ゴルフ同様にボールを自由に選べるのがボウリング。自分に合っていない重量のボールでは分かりやすくパフォーマンスが発揮できないことが想像できる・・・ゴルフだって同じだ。
1935年
純国産ゴルフボールをブリヂストンが発売。当時価格は1球1円だった。
1992年
糸巻きゴルフボール全盛時代の「ザ・レクスター」。ニック・ファルドが使用して全英オープンに優勝。
1993年
プロ、上級者をターゲットとしたソリッドボール「レイグランデ」を初めて発売。ツーピースボールの飛距離と糸巻き同等のコントロール性能が話題となる。ジャンボ尾崎をはじめ多くのプロが使用して優勝を飾った。
2000年
世界初のウレタンソリッドボール「ツアーステージUスピン」の登場により、糸巻きを凌駕するショートゲームでのスピン性能を実現。全てのゴルフボールをソリッドボールへと移行させたモデルだ。
2021年
飛んで、止まるという相反する機能を最先端技術で実現している「ツアーB」シリーズ。タイガー・ウッズやブライソン・デシャンボーなど、世界屈指のプレーヤーたちが認める飛距離性能とスピン性能を兼ね備えている。
※3ピース構造・各層の働き
中間層
主に樹脂製。コアとの組み合わせで反発性やスピン量に影響を大きく及ぼします。
カバー
ボールのハンドル部。スピン系は軟らかいウレタン素材で摩擦力アップによるアプローチスピンアップ、ディスタンス系はアイオノマー素材が主流で反発性にも寄与する。
ディンプル
ボールの表面に施された凹凸。弾道を制御するボールの翼です。
表面コーティング
ボールの表面をクリア塗装し、耐久性をアップさせる。「ツアーB」シリーズのコーティングではスピン性能にも寄与している。
コア
ゴム製。ボールのエンジン。反発性とフィーリングに影響を大きく及ぼします。
ゴルフボールの進化の変遷を語れば、過去に糸巻きボールからソリッドボールへと構造が大きく変貌し、目覚ましい進化を辿ったことを知っていただきたい。

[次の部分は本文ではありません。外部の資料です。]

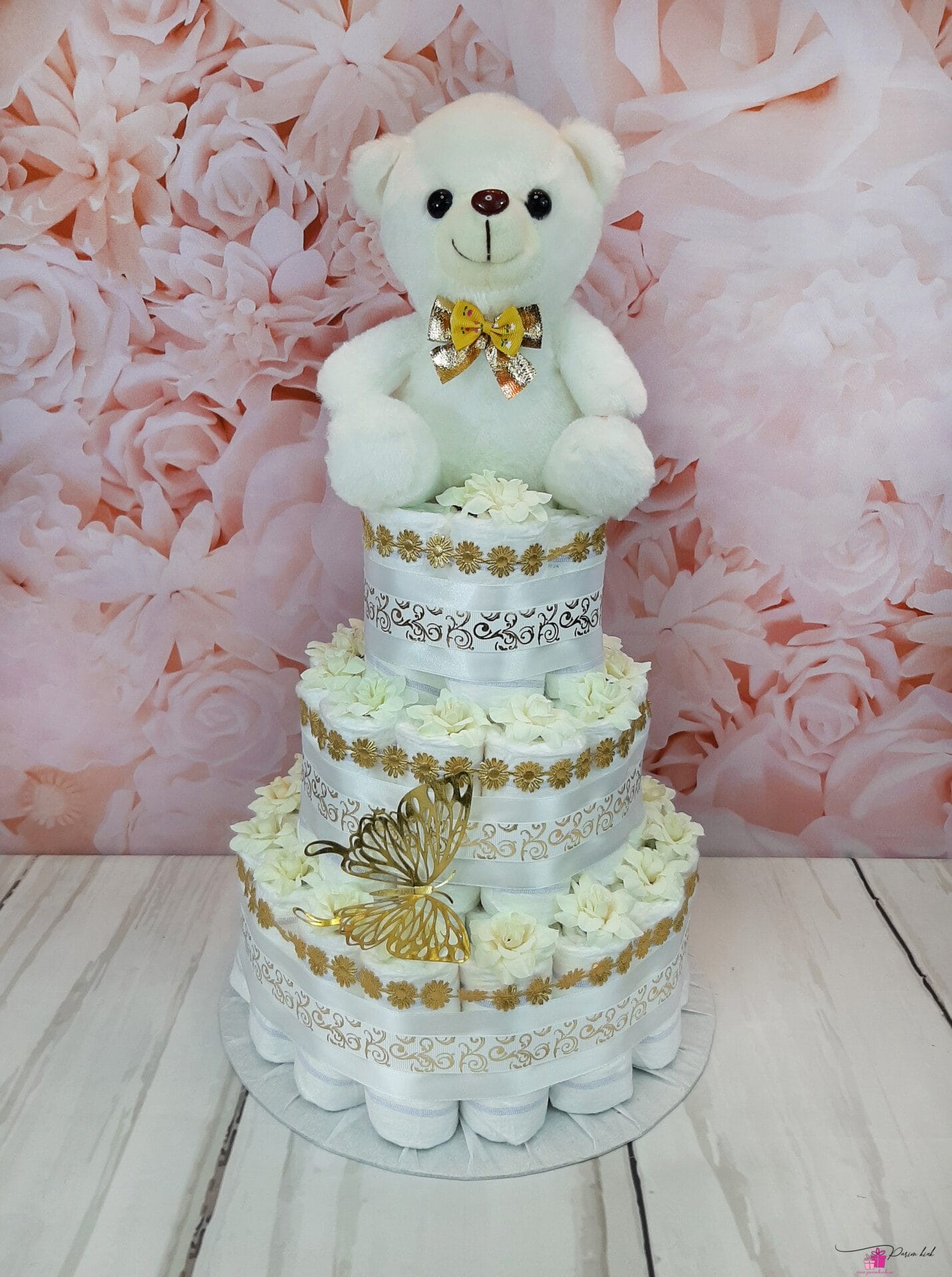 kuldne mähkmetort led karuga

移行され始めたのが1990年代後半、2000年にウレタンカバーソリッドボールが発売されたことで、糸巻きボールは姿を消した。
「コアに糸ゴムを巻き付けた構造の糸巻きボールは圧倒的にスピンが多い特徴を持っていたことで、プレーヤーにはスピンをコントロールする技術が必要とされました。そして製品精度に優れずボール毎で性能のバラツキもあった。そういった弱点を解消するために、ブリヂストンでは糸巻きを排除したソリッドゴルフボールの開発をいち早く取り組んできた歴史があります」(ブリヂストン・佐藤さん)。
糸巻きからソリッドへ進化を遂げ、ロングショットにおける圧倒的な低スピン化が実現されたことで、目覚ましい飛距離の進化を歩んだ。
構造的なメリットは高初速化、高打ち出し、低スピンという飛びの三要素の全てで、糸巻きを遥かに上回る結果を多くのゴルファーが実感し、ソリッドボールへと完全移行。そして約20年の月日で進化した現代の最新型ソリッドボールでは、スピン性能に優れたスピン系(ツアー系)、飛距離性能に有利なディスタンス系と大きなカテゴリに分かれて、プレーヤー個々で最適なゴルフボールを選べる時代になっている。
ボール選びをする前に、まずは飛距離の本質を勉強しておきたい。
飛距離を構成するのは“高初速”、“高打ち出し”、“低スピン”というお馴染みの飛びの三要素である。
「10000分の5秒という瞬間のインパクトにおけるヘッドとボールの接触現象が、飛びの三要素、いわゆる弾道の初期条件を決定づけますが、プロとアマで決定的に違いが現れているのがスピン量です」(ブリヂストン・佐藤さん)。
飛距離が伸びるスピン量は2000〜2500回転に理想値がある。ブリヂストンがスタッフプレーヤーで測定したスピン量は、平均2500回転以下と見事にその理想値で飛ばしているという。
ちなみにタイガー・ウッズのスピン量は2200回転前後と超理想的低スピンで打っている。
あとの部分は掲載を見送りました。